Montaigne ne considère pas cependant que la conversation soit la panacée ou un outil magique qui pourrait résoudre tous les maux publics en révélant la vérité. Il soutient en fait que la vérité est principalement inaccessible. Il croit pourtant que « nous sommes nais à quester la verité […]. Ce n’est pas à qui mettra dedans, mais à qui faira les plus belles courses. » (III, 8, 928). Dans cette itération de l’analogie de la joute où les participants tentent de faire passer leurs lances dans un cerceau, l’accent est moins mis sur la victoire et l’expérience elle-même prend une plus grande importance. Il y a de la valeur dans le processus de recherche de solutions par la discussion. La répétition, si elle ne touche pas au but, du moins produira une « plus belle course12 ».

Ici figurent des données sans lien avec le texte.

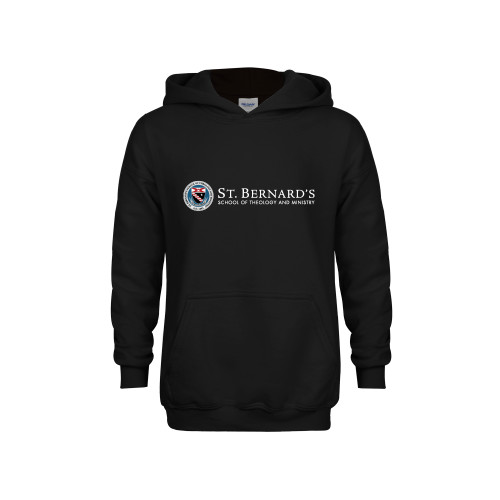  Youth Black Fleece Hoodie - Primary Mark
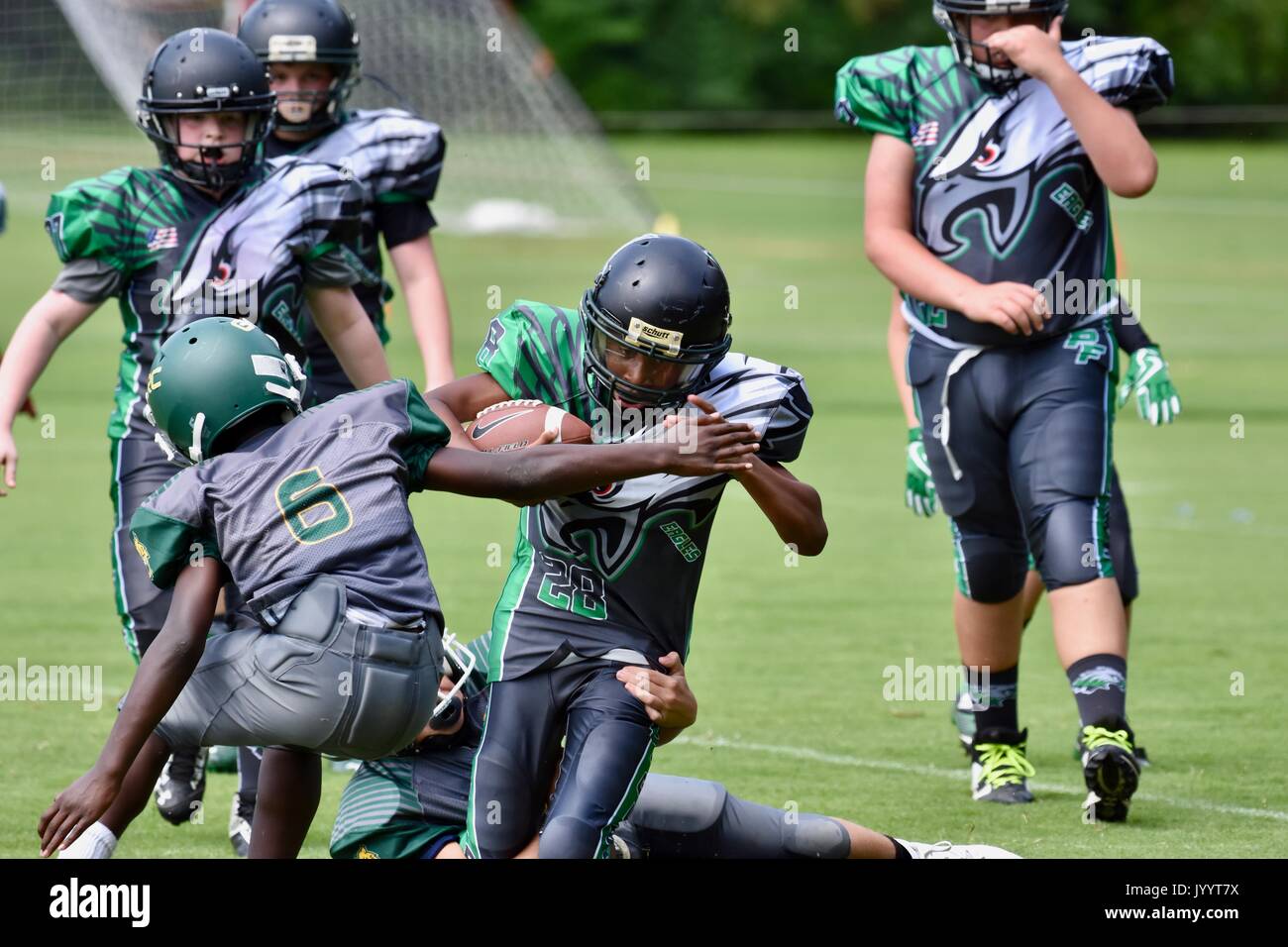 Youth Football Americano sport Foto Stock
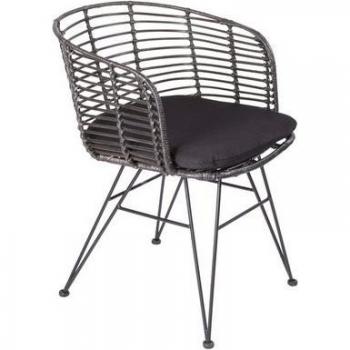 Esszimmerstuhl Nairobi (Rattan) – Anthrazit – SAM OUTILLAGE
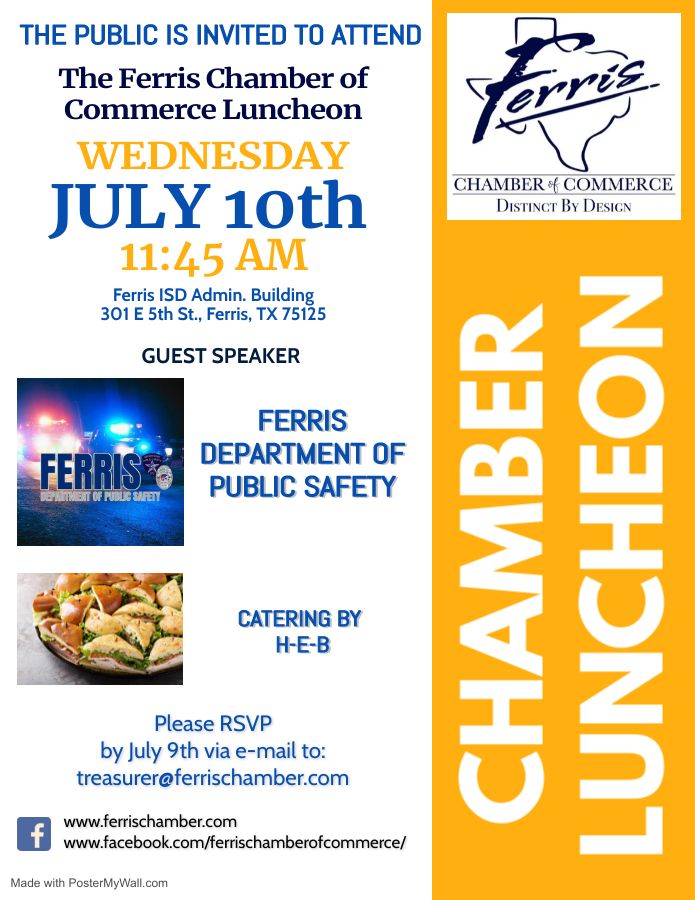 Ferris Chamber of Commerce Luncheon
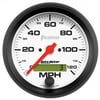 Autometer Phantom 3-3/8in 120MPH Speedometer Electric Program w/ LCD Odometer - 5887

À travers ce modèle agonistique, le traitement de la conversation par Montaigne semblerait se distinguer des manuels de civilité alors en circulation, dont ceux de Baldassare Castiglione, Érasme de Rotterdam, Giovani Della Cassa, et Stefano Guazzo, pour ne citer que quelques 205exemples saillants. Je vais à présent me concentrer sur Castiglione et Guazzo en particulier. En gros, ces manuels de civilité portent sur la manière de se comporter pour plaire à ses interlocuteurs, et encouragent des échanges polis plutôt qu’agressifs. Par exemple, dans La Civil conversazione de Guazzo, le médecin Annibale Magnocavalli explique que celui qui parle doit chercher à éviter :
[…] toutes les choses qui rendent le parler moins delectable, comme d’user de briefveté plus grande que ne requiert le propos encommancé […]. Aussy ne faut il pas qu’il se serve de paroles superflues, & qu’il amuse les escoutans de longues prefaces & autres circonstances impertinents, & hors de propos13.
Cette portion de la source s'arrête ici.